Question: "the second quarter results will be telling next week- i presume they will need extra funds but who would lend to them? Potentially the rest of the real estate portfolio (thats not pledged as collateral) could be sold to seritage but i assume whats left is junk."
I'm almost certain that second quarter results will be horrible when they are announced on August 25. Not counting any assets sales (of which I know of no major ones taking place over the past 3+ months), I expect Sears Holdings to have burned through another $350 to $450 million (including capital expenditure costs) for the 3 months ended July 31, 2016.
Now here's the thing: As of April 30, 2016, Sears Holdings only had about $550 million in cash and available credit remaining. Add a MINIMUM $100 million cash burn (which is probably a low figure) for the month of August, and it becomes apparent that Sears is just about out of money - unless they can raise more cash via assets sales or new loans.
Worse yet, Sears has typically burned over $1 billion in cash during the 3rd quarter (ending October 31, 2016) in order to stock up on inventory for the holiday season. Where is that money coming from this year? Additionally, suppliers have also been reducing / cutting off credit to Sears due to their horrible financial condition. This reduced credit could easily add several hundred million more (in addition to the $1+ billion) that Sears will need to come up with in order to properly stock their stores for the holiday season.
What are Sears' alternatives? Don't properly stock the stores for the holiday seasons and lose even more sales and customers?

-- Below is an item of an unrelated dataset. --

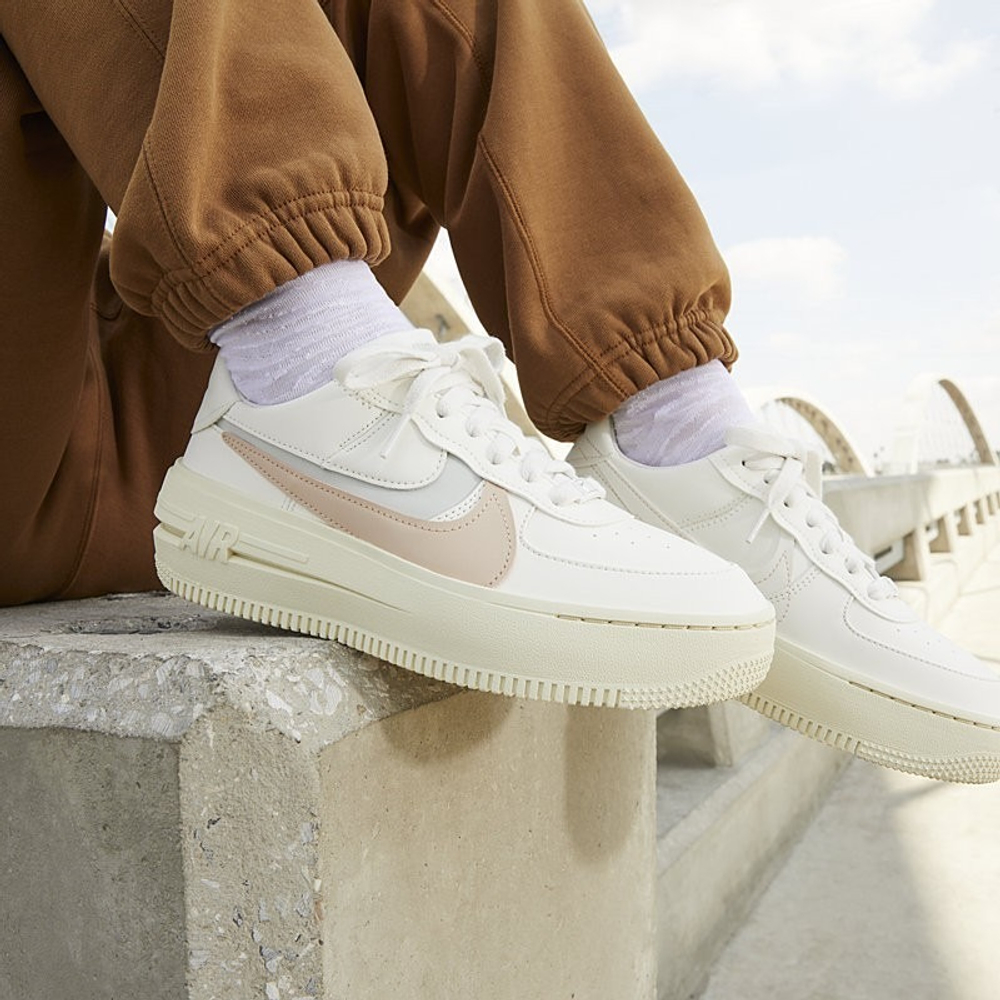 Кроссовки женские NIKE W AIR FORCE 1 PLT.AF.ORM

I wouldn't doubt if Lampert or one of his hedge fund buddies makes another high interest rate loan to keep things going for a little while yet. The thing is that just adds more interest expense to Sears' already negative cash flow. These loans will NEVER be repaid, unless the assets backing them are sold. Many hedge funds and vulture lenders know this and do what's know as "loan-to-own" loans.
I don't think we will see Seritage buying any more SUBSTANTIAL amounts of real estate from Sears. They MAY buy just a few properties, but they are already at substantial risk because of having only Sears as their primary tenant. Seritage is scrambling to re-tenant and re-develop their properties ASAP in order to diversify away from Sears, but that entire process will take several years. Because Lampert is a major owner in both companies, I think that most of the Seritage stores will remain open for a good while even after Sears' bankruptcy. If Sears would file bankruptcy and then reject most or all of the Seritage leases and close those stores down, Seritage would also be bankrupt in a matter of months - I highly doubt that will happen.
Sears still has somewhere between $750 million and $2 billion worth of unencumbered real estate that they could potentially monetize (ie. either sell or borrow against in order to raise cash).
I have a very good friend who used to work in Sears' finance department for years. At times he worked on projects directly for the CFO. He knows the finances and structure of Sears better than anyone I know. He told me over 2.5 years ago that Sears was doomed, but they would be able to stretch things out for a few more years due to their asset base and Lampert's financial games. I spoke with him again this past week, and he gave me his estimates of just about everything Sears could sell and / or borrow against to raise more cash. I will post those figures later today. He keeps telling me to watch the available liquidity (ie. cash + available borrowing capacity) because a company cannot survive when they are depleted.